Christies catalogue entry NY 2005:
BOULARD, Antoine-Marie-Henri (1754-1826) -- Catalogue des livres de la bibliothèque... Paris: Gaudefroy & Bleuet et al., 19 May 1828-1833.
Five volumes in three, 8o (199 x 123 mm). Early 20th-century half dark-red morocco (light rubbing to edges).
The extraordinary sale catalogue of an extraordinary library, and according to Hofer the largest library ever formed by an individual. At his death, he owned more than 300,000 volumes "of unequal value, but including veritable curiosities" (DBF). The dealers who organized the auction were faced with an almost impossible task; many volumes were simply discarded; "we are told that a hundred and fifty thousand volumes were set aside as not worth listing separately and were sold in bundles of thirty and forty books... Four volumes (of the Boulard Catalogue) contain French books, and a fifth contains books in other languages. The fact that the first volume lists some thirty thousand volumes of theology, law and science gives an idea of the collection" (Taylor). Richard Heber bought all the historical books. The five sales contained 17,000 lots, but many of these consisted of up to ten or twelve titles, all individually listed. The sales were catalogued by: L.F.A. Gaudefroy, J.A. Bleuet and J.F. Boisverd. The dispersal took 248 days. "Boulard's library was intended to be sold in 5 parts; part 5 sold a few months after part 1, beginning in November 1828, part 2 was sold in 1829, and part 3 in 1830; part 3 combines the losts originally intended to form parts 3 and 4 of the sale, and although a catalogue labeled 'part 4' was issued in 1833 it is in fact a supplement to the main series" (North). Boulard, Notaire au Châtelet, had a considerable reputation as author and collector under the Ancien Régime, but, for all his wealth, was not victimized during the Revolution, becoming "maire" of the XIth Arrondissement, and deputy under Napoleon. He was the literary executor of La Harpe, and made numerous translations from the English and German, being an excellent linguist.

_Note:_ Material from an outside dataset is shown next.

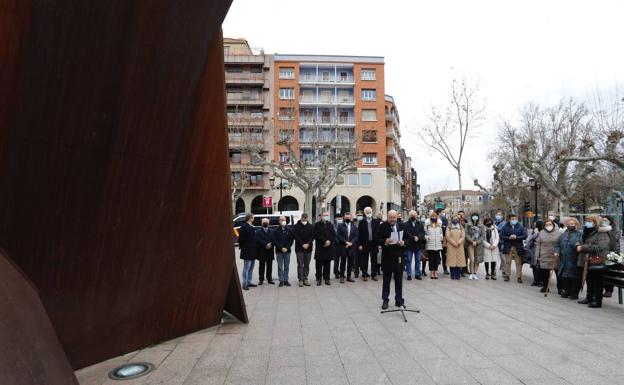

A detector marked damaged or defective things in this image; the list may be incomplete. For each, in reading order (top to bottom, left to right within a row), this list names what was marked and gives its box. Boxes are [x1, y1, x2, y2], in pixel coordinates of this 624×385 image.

large rust sculpture [0, 0, 244, 374]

This is the end of Jot's excursion into this not so gentle madness. The last word is with the amazing Charles Nodier (who may, or may not, have killed a man for outbidding him at auction during one of his trips to Spain.)
The bibliophile appreciates the book; the bibliomaniac weighs or measures it. The bibliophile works with a magnifying glass, the bibliomaniac with a measuring-stick.
Some are known to compute the growth of their libraries in square metres. The harmless, deliciously enjoyable fever of the bibliophile becomes, in the bibliomaniac, an acute malady bordering on delirium. Once it has reached that fatal stage of paroxysm it loses all contact with the intelligence and resembles any other mania.